Source data:
_ _ _ _ _

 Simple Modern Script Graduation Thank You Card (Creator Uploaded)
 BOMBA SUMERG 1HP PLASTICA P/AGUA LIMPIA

_ _ _ _ _

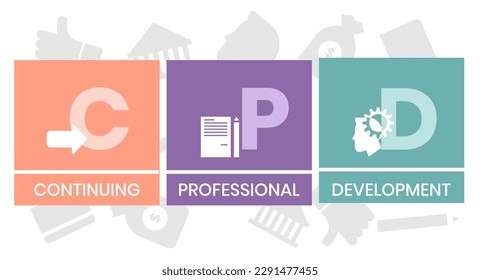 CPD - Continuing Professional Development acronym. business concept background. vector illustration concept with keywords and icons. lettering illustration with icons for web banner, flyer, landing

_ _ _ _ _

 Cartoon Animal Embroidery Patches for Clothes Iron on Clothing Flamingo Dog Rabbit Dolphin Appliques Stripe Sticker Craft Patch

_ _ _ _ _

What is needed:
Starting at the line that has "Simple Modern Script" in the records above, restate word for word every line until the one that has "BOMBA SUMERG 1HP PLASTICA P/AGUA LIMPIA", and include that one as well.

Solved problem:
 Simple Modern Script Graduation Thank You Card (Creator Uploaded)
 BOMBA SUMERG 1HP PLASTICA P/AGUA LIMPIA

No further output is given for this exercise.